Output the lines of the records from the one containing "Une cuisine moderne" through the last, both ends included. Leave pictures out.

Caption-style text data
..........

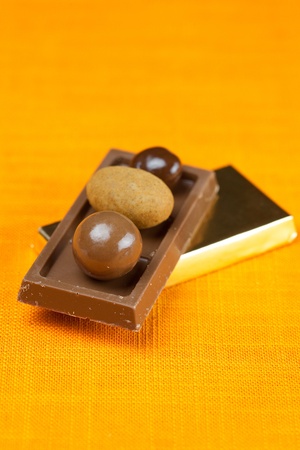 chocolate bars and candy on the orange fabricの写真素材
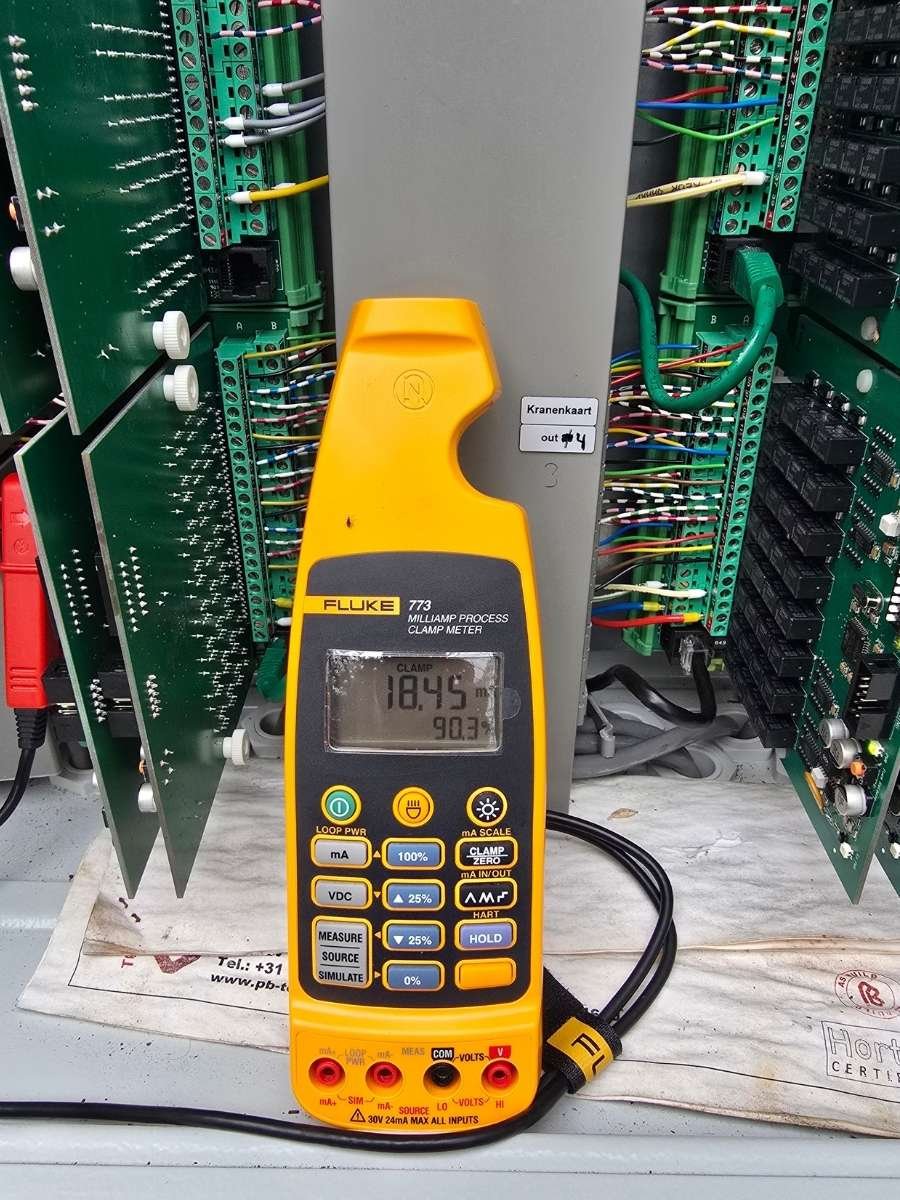 Elektromonteur voert metingen uit aan een industriële besturingskast met behulp van technische schema's en een Fluke multimeter in Den Haag.
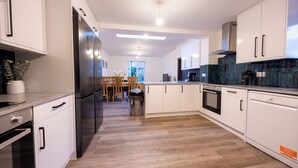 Une cuisine moderne avec des meubles blancs, un réfrigérateur en acier inoxydable, un lave-vaisselle et une table à manger en bois avec des chaises.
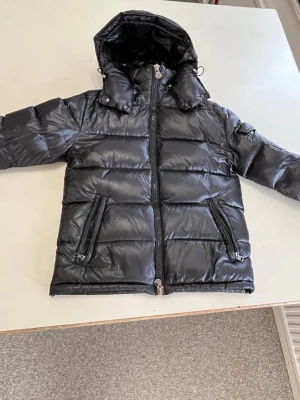 Svart dunjacka från Moncler med huva - Snygg svart dunjacka från Moncler med avtagbar huva och två dragkedjeförsedda fickor framtill. Jackan har klassisk puffer-design och Moncler-logga på ärmen. Perfekt för kalla vinterdagar och tillverkad i glansigt material som ger en exklusiv look.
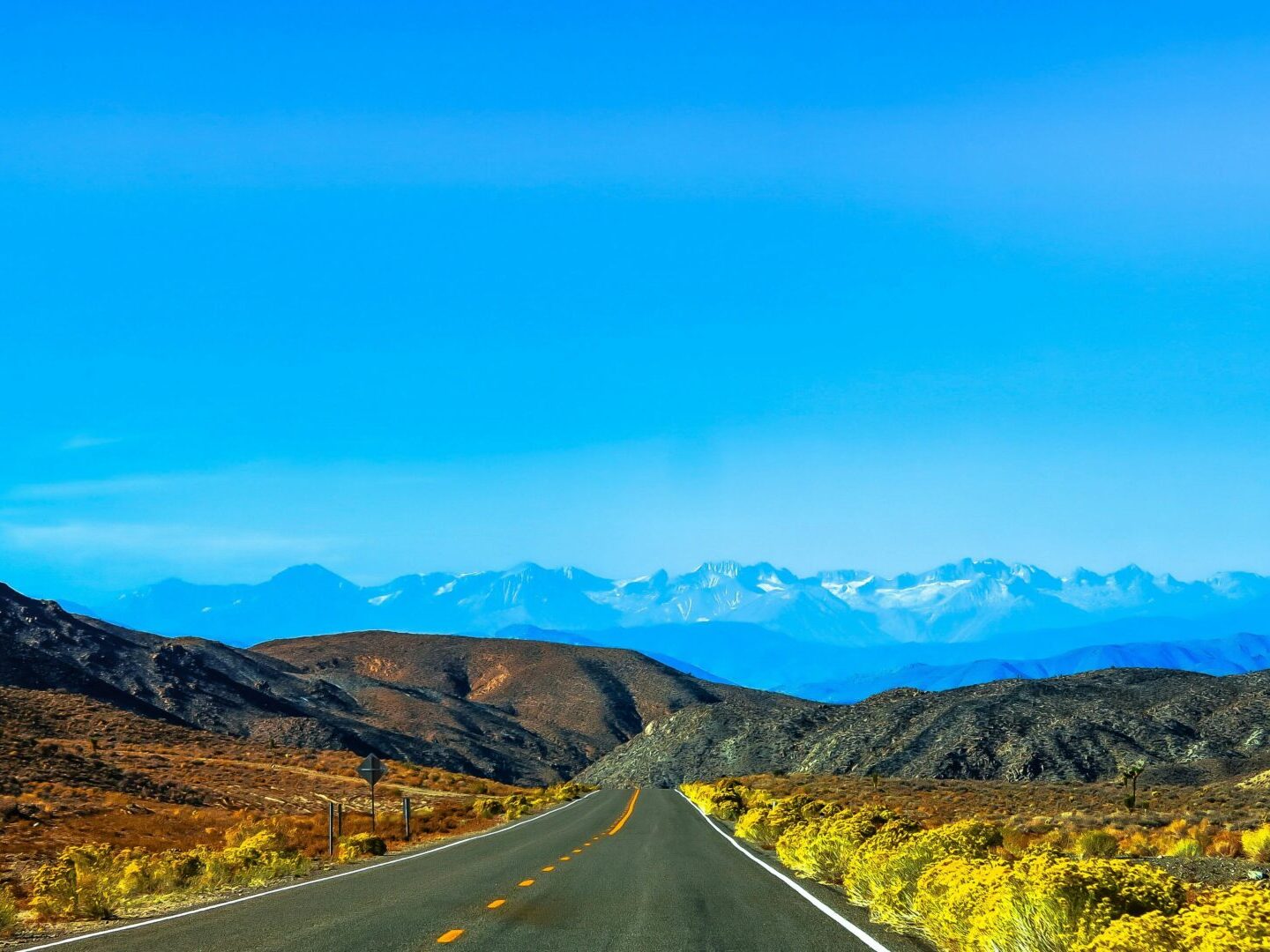 view from highway towards mountains with blue sky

..........

TASK ANSWER ::
 Une cuisine moderne avec des meubles blancs, un réfrigérateur en acier inoxydable, un lave-vaisselle et une table à manger en bois avec des chaises.
 Svart dunjacka från Moncler med huva - Snygg svart dunjacka från Moncler med avtagbar huva och två dragkedjeförsedda fickor framtill. Jackan har klassisk puffer-design och Moncler-logga på ärmen. Perfekt för kalla vinterdagar och tillverkad i glansigt material som ger en exklusiv look.
 view from highway towards mountains with blue sky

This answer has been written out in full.